L’ingegneria sociale

Siamo nel terreno dell’ingegneria sociale, quel ventaglio di tecniche che sfrutta psicologia, fiducia e inganno più che le falle nei sistemi. Non serve violare firewall: basta violare la mente. Lo psycho-hacker, o “ingegnere sociale”, è un criminale che fonde competenze informatiche e abilità persuasive per indurre le vittime a cedere dati, compiere operazioni finanziarie o addirittura (come in questo caso) presentarsi fisicamente allo sportello per effettuare bonifici.

Le tecniche di manipolazione

Una delle tattiche più diffuse è lo spoofing, la creazione di identità digitali credibili per spacciarsi per un’entità affidabile e superare qualsiasi diffidenza; tutti meccanismi basati sulla manipolazione e sul convincimento del truffato. Una minaccia “psicologica” che infrange le barriere più tradizionali delle truffe per far leva sulla psicologia degli utenti.

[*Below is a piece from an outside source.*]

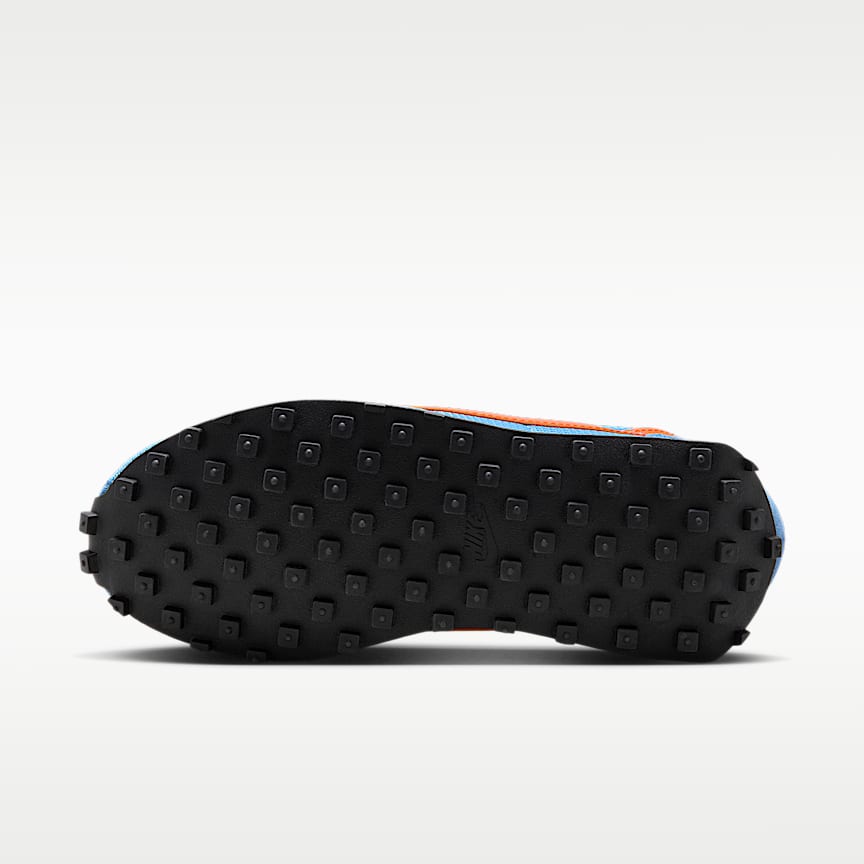 Nike Wmns Ld-1000 Univ Blue/ Safety Orange-Sail-Black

Il bersaglio: la mente umana

Lo psycho-hacker in gergo “ingegnere sociale” è di fatto un cybercriminale, o meglio un black hat hacker in grado di sfruttare da un punto di vista tecnologico le tecniche di persuasione per esercitare il controllo su pensieri, emozioni e comportamenti degli utenti-bersaglio, spingendoli a compiere azioni precise o influenzandone le decisioni a danno degli utenti stessi, di aziende, organizzazioni o istituzioni pubbliche o private.

Il caso del grossetano

A febbraio 2024 un grossetano – poi assistito dall’avvocato Marco Festelli per Confconsumatori – riceve una telefonata sul cellulare della nuora: dall’altra parte un presunto operatore bancario che gli comunica la presenza di cinque assegni – 3.750 euro complessivi – destinati alla sua società. «È l’ultimo giorno utile: deve venire subito in filiale», gli dice. Peccato che là non ci sia nessuno.

Le operazioni al bancomat

L’uomo, seguendo passo passo le istruzioni del truffatore, esegue dieci operazioni al bancomat usando una carta fornita dal falso operatore; altre operazioni le compie il figlio. Solo al termine, quando la comunicazione si interrompe, si accorge dell’inganno.

Il rifiuto della banca

Chiede il rimborso alla banca, ma la risposta è un no secco: il cliente ha digitato personalmente il pin e autorizzato ogni operazione, quindi – sostiene l’istituto – c’è colpa grave.

Il ricorso all’Abf

Il grossetano si rivolge allora all’Abf (Arbitro bancario finanziario, sede di Bologna) tramite Confconsumatori, reclamando 3.250 euro, poi ricalcolati a 2.275. Tutte le operazioni, infatti, erano semplici ricariche su una carta prepagata intestata al truffatore: ricariche ravvicinate, tutte nello stesso giorno, una dopo l’altra.

La decisione del Collegio

L’Abf riconosce la responsabilità del cliente, caduto in una trama di informazioni improbabili e guidato da un finto operatore fino a digitare lui stesso il pin e confermare le ricariche. Ma riconosce anche un concorso di colpa della banca: dalla settima operazione in poi, l’istituto avrebbe dovuto rilevare l’anomalia, attivare controlli, inviare alert o sospendere le transazioni.

Il rimborso parziale

Per questo il Collegio dispone un rimborso di 1.000 euro. Non una restituzione totale, ma comunque una decisione significativa, a quanto pare la prima del genere. L’ammissione che, davanti a tecniche di manipolazione psicologica tanto sofisticate, anche i sistemi di sicurezza bancari devono fare di più.